Dans ses conclusions d’annulation, si le requérant hiérarchise ses différents moyens selon la cause juridique sur laquelle ils reposent, le juge de l’excès de pouvoir est tenu de respecter cet ordre, en statuant en priorité sur les moyens qui se rattachent à la cause juridique correspondant à la demande principale du requérant :

« 9. De même, lorsque le requérant choisit de hiérarchiser, avant l’expiration du délai de recours, les prétentions qu’il soumet au juge de l’excès de pouvoir en fonction de la cause juridique sur laquelle reposent, à titre principal, ses conclusions à fin d’annulation, il incombe au juge de l’excès de pouvoir de statuer en respectant cette hiérarchisation, c’est-à-dire en examinant prioritairement les moyens qui se rattachent à la cause juridique correspondant à la demande principale du requérant. »

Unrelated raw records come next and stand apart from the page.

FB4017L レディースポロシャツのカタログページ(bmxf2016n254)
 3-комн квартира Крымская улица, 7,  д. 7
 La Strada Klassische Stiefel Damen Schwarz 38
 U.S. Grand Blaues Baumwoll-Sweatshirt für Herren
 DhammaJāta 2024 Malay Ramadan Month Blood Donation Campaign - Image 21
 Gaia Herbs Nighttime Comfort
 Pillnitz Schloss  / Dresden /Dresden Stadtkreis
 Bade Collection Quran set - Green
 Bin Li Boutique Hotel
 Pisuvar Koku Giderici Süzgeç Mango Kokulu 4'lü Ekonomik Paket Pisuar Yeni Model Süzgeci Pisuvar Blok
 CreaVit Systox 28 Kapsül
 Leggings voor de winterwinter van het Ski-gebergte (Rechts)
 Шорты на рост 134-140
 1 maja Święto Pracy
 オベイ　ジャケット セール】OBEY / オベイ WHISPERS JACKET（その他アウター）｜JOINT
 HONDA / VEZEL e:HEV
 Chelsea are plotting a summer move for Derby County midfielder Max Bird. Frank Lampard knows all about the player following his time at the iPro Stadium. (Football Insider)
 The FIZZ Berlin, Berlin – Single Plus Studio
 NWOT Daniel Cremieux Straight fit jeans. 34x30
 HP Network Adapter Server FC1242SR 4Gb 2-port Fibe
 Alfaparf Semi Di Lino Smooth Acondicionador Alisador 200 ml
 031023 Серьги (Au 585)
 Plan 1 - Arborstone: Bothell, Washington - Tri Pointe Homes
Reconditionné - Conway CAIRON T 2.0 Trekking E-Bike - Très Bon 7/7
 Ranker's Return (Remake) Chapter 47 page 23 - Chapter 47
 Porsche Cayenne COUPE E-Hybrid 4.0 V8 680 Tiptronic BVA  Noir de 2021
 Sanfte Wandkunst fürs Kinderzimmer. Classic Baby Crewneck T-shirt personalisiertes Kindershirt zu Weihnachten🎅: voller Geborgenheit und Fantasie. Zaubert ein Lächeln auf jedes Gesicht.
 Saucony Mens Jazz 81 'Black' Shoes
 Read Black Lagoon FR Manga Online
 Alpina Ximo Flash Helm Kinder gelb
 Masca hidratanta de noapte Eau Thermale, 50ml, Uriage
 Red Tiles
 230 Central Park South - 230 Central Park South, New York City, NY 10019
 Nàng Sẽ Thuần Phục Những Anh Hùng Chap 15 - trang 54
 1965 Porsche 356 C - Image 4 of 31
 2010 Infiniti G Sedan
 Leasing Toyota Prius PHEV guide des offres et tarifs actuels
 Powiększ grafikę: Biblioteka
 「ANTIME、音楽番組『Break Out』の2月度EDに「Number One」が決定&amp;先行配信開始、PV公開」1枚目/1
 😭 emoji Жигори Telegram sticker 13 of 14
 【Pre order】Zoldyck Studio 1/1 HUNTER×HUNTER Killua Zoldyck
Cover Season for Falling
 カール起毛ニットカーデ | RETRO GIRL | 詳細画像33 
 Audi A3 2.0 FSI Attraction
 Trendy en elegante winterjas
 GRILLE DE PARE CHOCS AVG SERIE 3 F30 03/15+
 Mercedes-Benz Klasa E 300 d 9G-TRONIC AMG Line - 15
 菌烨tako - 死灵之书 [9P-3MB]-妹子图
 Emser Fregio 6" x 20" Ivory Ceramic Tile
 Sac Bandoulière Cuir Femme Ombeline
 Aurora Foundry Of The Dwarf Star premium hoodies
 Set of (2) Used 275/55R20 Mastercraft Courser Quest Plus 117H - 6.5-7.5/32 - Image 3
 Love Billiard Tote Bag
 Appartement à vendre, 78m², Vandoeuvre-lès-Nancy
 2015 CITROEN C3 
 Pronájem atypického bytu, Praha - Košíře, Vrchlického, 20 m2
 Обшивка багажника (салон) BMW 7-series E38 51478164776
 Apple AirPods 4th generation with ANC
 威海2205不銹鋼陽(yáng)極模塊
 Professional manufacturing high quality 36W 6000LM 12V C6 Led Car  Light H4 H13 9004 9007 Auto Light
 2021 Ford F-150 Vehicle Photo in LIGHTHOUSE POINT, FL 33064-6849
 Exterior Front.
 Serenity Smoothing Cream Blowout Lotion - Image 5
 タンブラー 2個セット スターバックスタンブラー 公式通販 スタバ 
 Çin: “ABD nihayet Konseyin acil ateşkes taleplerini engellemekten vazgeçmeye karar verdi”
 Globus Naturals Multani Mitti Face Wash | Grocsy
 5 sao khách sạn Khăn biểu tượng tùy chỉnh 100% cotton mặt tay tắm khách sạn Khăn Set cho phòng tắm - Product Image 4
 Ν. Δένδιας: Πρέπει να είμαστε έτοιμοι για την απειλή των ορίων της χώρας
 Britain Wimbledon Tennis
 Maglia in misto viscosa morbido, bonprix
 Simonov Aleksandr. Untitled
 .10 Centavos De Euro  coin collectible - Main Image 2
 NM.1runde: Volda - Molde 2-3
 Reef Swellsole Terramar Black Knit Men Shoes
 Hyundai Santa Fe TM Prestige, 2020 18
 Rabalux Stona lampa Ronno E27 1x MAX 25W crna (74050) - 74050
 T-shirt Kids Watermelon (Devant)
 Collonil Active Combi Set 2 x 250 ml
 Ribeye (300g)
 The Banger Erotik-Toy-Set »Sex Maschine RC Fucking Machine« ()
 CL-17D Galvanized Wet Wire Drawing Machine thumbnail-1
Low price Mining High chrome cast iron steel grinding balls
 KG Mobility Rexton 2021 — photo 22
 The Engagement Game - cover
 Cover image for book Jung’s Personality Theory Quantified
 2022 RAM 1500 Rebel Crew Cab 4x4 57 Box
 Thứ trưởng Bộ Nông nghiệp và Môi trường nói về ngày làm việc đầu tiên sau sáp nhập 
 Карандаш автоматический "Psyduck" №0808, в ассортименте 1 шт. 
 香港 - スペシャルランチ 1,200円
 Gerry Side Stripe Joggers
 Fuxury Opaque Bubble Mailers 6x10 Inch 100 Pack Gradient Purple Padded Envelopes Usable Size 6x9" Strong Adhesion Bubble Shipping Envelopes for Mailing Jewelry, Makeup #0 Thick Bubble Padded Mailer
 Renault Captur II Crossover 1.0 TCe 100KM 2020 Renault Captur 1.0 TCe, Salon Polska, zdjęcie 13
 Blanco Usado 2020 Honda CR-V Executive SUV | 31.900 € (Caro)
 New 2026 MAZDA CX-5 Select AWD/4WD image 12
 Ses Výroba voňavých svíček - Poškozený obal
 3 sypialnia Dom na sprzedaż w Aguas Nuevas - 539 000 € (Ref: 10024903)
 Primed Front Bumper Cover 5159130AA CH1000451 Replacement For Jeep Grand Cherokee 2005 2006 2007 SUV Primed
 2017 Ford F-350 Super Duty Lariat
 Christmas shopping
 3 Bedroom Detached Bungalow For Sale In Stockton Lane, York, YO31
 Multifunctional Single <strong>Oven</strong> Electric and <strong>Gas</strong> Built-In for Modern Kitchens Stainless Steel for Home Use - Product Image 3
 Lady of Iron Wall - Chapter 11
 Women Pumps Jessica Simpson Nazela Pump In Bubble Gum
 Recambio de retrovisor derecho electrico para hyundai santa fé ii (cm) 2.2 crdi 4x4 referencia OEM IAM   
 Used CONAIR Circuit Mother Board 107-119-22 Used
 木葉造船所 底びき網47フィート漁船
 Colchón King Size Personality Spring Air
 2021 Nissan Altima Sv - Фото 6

Ainsi, dans le cas où le juge de l’excès de pouvoir ne juge fondé aucun des moyens présentés à titre principal par le requérant, mais retiendrait un moyen de sa demande subsidiaire, il a la faculté de se prononcer uniquement sur le moyen qu’il retient pour annuler la décision administrative, rejetant de fait les moyens de la demande principale :

« 10. Dans le cas où il ne juge fondé aucun des moyens assortissant la demande principale du requérant mais qu’il retient un moyen assortissant sa demande subsidiaire, le juge de l’excès de pouvoir n’est tenu de se prononcer explicitement que sur le moyen qu’il retient pour annuler la décision attaquée : statuant ainsi, son jugement écarte nécessairement les moyens qui assortissaient la demande principale. »

Dans ces conditions, et dans l’hypothèse où le jugement est susceptible d’appel, le requérant dont la demande principale n’aurait pas été satisfaite peut interjeter appel :

« 11. Si le jugement est susceptible d’appel, le requérant est recevable à relever appel en tant que le jugement n’a pas fait droit à sa demande principale. Il appartient alors au juge d’appel, statuant dans le cadre de l’effet dévolutif, de se prononcer sur les moyens, soulevés devant lui, susceptibles de conduire à faire droit à la demande principale. »

Pour en venir au cas d’espèce, la Cour administrative d’appel de Marseille avait rejeté l’appel formé par la société requérante, laquelle avait déjà été déboutée par le Tribunal administratif de Toulon. En effet, le juge de première instance avait refusé de faire droit à ses conclusions d’injonction tenant à la délivrance de l’agrément d’établissement de formation à la conduite des navires de plaisance à moteur présentées à titre principal, alors qu’il avait annulé la décision administrative pour insuffisance de motivation.

Au Conseil d’Etat de relever que la Cour administrative d’appel n’avait commis aucune erreur de droit en considérant que « le tribunal administratif avait retenu le motif le mieux à même de régler le litige, qu’il n’était pas tenu de se prononcer sur les autres moyens de la requête et qu’il avait à bon droit rejeté les conclusions à fin d’injonction dont il était saisi à titre principal ».